▶ TASK TO CARRY OUT: Which lines in the records below mention the word "Galaxy"? Copy each one out.

▽

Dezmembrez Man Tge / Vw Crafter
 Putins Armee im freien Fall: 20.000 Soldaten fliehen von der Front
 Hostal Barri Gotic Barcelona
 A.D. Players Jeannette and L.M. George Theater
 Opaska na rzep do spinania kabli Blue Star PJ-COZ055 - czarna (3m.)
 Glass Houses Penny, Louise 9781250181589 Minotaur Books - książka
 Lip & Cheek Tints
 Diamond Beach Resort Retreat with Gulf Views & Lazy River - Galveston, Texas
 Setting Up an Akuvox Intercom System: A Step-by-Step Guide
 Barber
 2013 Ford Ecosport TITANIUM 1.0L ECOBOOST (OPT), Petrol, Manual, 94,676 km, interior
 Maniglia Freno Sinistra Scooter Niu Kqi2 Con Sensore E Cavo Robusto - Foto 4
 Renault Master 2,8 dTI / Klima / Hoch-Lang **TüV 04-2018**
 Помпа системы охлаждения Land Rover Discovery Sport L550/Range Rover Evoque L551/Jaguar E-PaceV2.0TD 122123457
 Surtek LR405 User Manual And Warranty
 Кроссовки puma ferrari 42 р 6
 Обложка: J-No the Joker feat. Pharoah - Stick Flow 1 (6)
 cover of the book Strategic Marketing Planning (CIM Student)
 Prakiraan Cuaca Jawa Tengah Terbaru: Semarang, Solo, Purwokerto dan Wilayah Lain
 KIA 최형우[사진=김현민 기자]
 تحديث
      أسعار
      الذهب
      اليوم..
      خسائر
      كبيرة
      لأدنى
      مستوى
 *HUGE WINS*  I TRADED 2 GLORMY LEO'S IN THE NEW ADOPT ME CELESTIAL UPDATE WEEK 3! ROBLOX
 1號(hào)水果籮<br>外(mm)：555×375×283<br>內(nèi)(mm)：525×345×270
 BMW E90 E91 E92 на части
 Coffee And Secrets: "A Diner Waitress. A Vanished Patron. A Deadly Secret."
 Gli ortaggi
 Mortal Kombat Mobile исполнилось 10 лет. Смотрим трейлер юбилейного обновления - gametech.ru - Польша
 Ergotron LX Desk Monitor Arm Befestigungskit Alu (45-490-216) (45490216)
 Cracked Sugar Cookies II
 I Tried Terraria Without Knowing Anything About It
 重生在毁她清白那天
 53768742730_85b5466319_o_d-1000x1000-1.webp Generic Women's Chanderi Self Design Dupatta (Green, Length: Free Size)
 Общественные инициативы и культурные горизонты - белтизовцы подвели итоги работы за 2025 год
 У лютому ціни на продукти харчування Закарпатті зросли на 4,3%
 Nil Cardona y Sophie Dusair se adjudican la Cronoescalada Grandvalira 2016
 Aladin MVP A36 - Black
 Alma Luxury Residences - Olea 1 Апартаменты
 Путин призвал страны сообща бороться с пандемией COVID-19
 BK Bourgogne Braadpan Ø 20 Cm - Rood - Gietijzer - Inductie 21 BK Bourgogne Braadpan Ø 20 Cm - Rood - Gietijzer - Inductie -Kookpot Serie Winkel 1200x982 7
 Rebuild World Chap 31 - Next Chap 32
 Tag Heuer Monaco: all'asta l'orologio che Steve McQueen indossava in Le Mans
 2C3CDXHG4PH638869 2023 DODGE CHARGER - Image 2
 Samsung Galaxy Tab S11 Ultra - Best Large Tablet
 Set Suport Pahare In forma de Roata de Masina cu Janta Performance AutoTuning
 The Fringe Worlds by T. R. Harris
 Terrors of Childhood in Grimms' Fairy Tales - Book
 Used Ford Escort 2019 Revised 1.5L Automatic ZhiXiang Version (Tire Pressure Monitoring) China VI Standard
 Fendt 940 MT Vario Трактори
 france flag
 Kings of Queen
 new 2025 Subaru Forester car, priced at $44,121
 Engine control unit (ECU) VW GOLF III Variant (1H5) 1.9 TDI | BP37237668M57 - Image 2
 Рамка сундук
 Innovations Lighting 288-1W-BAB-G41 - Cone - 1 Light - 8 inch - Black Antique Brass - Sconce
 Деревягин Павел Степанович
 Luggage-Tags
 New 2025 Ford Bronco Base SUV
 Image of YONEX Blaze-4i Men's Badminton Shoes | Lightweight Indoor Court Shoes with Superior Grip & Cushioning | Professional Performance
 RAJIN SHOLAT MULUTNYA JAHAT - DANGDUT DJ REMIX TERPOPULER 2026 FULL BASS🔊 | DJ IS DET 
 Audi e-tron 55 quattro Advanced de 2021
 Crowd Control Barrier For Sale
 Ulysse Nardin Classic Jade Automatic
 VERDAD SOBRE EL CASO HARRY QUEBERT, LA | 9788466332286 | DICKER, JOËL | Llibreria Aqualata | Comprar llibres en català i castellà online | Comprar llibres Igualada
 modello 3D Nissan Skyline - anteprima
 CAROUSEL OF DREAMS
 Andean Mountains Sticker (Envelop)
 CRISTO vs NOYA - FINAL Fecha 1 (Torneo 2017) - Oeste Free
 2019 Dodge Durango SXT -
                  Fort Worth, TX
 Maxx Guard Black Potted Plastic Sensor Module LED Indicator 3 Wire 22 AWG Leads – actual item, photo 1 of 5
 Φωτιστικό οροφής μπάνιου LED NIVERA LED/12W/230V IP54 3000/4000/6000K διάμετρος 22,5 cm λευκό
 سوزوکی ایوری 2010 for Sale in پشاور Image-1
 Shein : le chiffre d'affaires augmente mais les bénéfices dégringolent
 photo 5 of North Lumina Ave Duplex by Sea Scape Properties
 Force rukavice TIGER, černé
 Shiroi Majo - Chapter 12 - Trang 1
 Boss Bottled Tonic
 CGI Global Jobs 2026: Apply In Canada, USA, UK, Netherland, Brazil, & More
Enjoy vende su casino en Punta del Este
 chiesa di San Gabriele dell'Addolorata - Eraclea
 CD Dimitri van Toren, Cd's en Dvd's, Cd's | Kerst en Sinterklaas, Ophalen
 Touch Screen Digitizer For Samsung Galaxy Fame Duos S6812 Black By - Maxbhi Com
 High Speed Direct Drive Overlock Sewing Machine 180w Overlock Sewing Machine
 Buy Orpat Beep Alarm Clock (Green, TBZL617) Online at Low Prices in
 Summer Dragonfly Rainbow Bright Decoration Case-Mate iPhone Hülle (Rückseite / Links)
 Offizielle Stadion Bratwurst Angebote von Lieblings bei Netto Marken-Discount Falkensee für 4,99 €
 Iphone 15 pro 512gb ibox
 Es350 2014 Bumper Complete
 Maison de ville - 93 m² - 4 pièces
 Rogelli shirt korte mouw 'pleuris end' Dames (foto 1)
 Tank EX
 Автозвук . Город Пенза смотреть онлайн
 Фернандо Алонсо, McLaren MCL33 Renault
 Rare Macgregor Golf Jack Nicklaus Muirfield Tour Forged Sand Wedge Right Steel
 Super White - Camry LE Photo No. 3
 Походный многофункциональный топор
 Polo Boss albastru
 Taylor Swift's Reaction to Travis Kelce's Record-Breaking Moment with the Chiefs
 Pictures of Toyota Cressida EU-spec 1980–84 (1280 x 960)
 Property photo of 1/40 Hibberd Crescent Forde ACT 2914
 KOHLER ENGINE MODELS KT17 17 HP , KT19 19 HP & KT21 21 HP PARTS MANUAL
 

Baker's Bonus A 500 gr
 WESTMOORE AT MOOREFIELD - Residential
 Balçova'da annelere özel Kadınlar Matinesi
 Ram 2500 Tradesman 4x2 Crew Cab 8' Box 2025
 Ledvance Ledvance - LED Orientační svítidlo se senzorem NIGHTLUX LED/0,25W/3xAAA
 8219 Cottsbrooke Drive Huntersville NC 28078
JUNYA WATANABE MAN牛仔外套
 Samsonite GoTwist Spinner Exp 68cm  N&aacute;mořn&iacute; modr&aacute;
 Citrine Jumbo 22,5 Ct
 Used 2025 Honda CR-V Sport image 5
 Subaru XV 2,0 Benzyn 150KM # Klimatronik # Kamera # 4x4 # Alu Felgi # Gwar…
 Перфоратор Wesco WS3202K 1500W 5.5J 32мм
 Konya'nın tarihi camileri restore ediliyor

△

▶ THE COMPLETED TASK:
 Samsung Galaxy Tab S11 Ultra - Best Large Tablet
 Touch Screen Digitizer For Samsung Galaxy Fame Duos S6812 Black By - Maxbhi Com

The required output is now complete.